Surya Grahan on August 1 in India



A partial solar eclipse, Surya Grahan, will be visible in India from 15:58 to 18:08 (Indian Standard Time) on August 1, 2008. According to NASA, it is a ‘Total Solar Eclipse’ on August 1 and the path of the Moon's umbral shadow begins in Canada and extends across northern Greenland, the Arctic, central Russia, Mongolia, and China. A partial eclipse is seen within the much broader path of the Moon's penumbral shadow, which includes northeastern North America, most of Europe and Asia. As per Hindu calendar, August 1 is an Amavasi day.

Update: Surya Grahan (Total solar eclipse) on July 22, 2009.

Surya Grahan on August 1 in India.... continues

A partial solar eclipse will be visible throughout India. It will be visible mainly in the northeastern region including Kolkata and other major towns. The best view will be at Sibsagar. It will also be a partial eclipse in Nepal.

In New Delhi, it would be visible from 4.03 pm to 5.56 pm and more than 50 percent of the Sun would be covered by moon. In Chennai, it would be visible from 4.40 pm to 6.08 pm and nearly 25% of sun will be covered by noon. This is the peak monsoon season and heavy rain is predicted in most parts of India on Friday and this might keep the solar event hidden behind the clouds.

Generally most Hindu temples remain closed during the period of solar eclipse and temples reopen on the next day morning after special pujas and rituals.

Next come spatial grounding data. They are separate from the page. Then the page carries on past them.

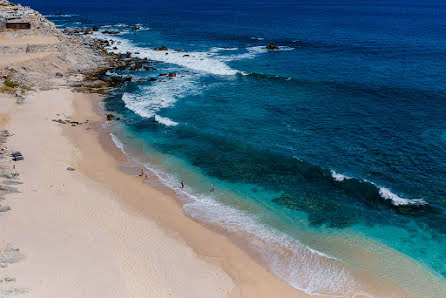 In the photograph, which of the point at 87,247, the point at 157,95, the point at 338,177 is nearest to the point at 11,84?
the point at 157,95

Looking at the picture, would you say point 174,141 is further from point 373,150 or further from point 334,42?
point 334,42

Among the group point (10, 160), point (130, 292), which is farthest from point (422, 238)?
point (10, 160)

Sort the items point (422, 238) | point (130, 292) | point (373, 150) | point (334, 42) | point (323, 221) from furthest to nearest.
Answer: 1. point (334, 42)
2. point (373, 150)
3. point (323, 221)
4. point (422, 238)
5. point (130, 292)

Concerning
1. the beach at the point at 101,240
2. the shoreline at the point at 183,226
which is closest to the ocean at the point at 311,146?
the shoreline at the point at 183,226

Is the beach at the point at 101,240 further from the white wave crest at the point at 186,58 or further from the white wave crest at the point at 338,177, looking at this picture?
the white wave crest at the point at 186,58

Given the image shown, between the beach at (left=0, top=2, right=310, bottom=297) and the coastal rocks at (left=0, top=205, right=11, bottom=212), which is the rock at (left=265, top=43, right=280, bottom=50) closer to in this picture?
the beach at (left=0, top=2, right=310, bottom=297)

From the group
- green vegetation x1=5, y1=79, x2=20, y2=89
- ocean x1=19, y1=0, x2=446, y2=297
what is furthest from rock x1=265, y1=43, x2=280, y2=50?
green vegetation x1=5, y1=79, x2=20, y2=89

Hindus in large number take holy dip in Rivers like Ganges and other tirths especially at Brahma Sarover in Kurukshetra.

  • The dark blue double line indicates the path of Total Solar Eclipse.
  • The light blue grid area of partial eclipse which includes India and Nepal. (image from NASA)

Usually, Hindus do not perform any work during Surya Grahan and they purify themselves by taking a bath and chants the Ashtakshara Mantra dedicated to Shri Krishna. Ashtakshara mantra is ‘Shri Krishna ha sharnam mama.’

Adult Hindus stop eating 12 hours before a solar eclipse. Children, old people and those who are ill stop eating 3 hours before the beginning of a solar eclipse. If the solar eclipse ends after sunset, then people fast during night and consume food only next day morning.

Ancient sages and texts like Brahman Siddhanta restrict viewing the eclipse – one should look at an eclipse through a cloth or a reflection of it. A pregnant woman should never look directly at an eclipse.

There are also some people who take undue advantage of innocent Hindus in the name of astrology during such events. Ancient Hindu saints only talk about the physical harm Surya Grahanam can create on human beings. Put the thinking cap and keep out unwanted elements who try to take undue advantage during such occasions. The only aim of such people is money.